Lire la réponse immunitaire dans l’ARN

Pour y répondre, ces derniers ont décodé la réponse immunitaire d’un groupe de 200 individus, la première moitié composée d’Africains et la seconde d’Européens. Une étude initiée en 2012 en collaboration avec le Centre national de génotypage (CEA) de Leipzig (Allemagne) et Université de Gand (Belgique). Les scientifiques ont analysé l’expression de l’ensemble des gènes de la réponse immunitaire de chacun des volontaires.
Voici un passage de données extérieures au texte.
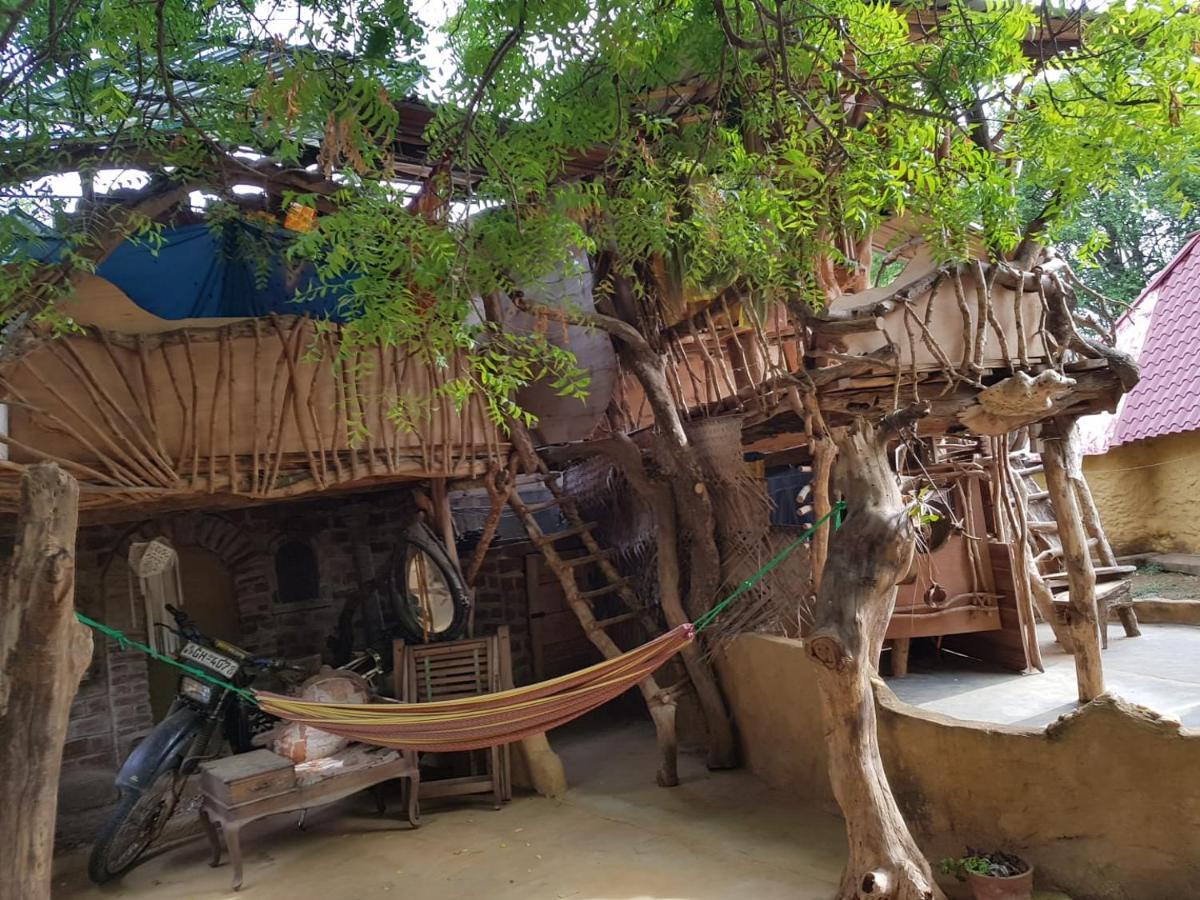 Humbhaha Jungle Yala Nature Eco Resort Kataragama Eksteriør bilde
Pour une précision maximale, ils ont séquencé la totalité de l’ARN. Cette technique consiste à caractériser la manière dont les cellules immunitaires – dites monocytes – répondent à l’attaque bactérienne ou virale.

Une diversité de mutations génétiques

Résultat, « il existe bien une différence dans la manière dont ces populations répondent aux infections ». Des variations dans l’amplitude de la réponse immunitaire sont en effet apparues, « notamment pour certains gènes impliqués dans les réponses inflammatoire et antivirale ». Elles seraient dues à des mutations génétiques « différemment distribuées entre Africains et Européens ». Cette diversité résulterait donc des processus de contrôle génétique et de sélection naturelle. Elle prouve par ailleurs « que l’héritage que les Européens tiennent de l’Homme de Néandertal a influencé leur aptitude à se protéger des virus ». Ces résultats constituent une précieuse base d’informations pour « mieux comprendre la sensibilité de certains populations à des maladies comme le lupus, dont l’incidence est plus importante en Afrique qu’en Europe ».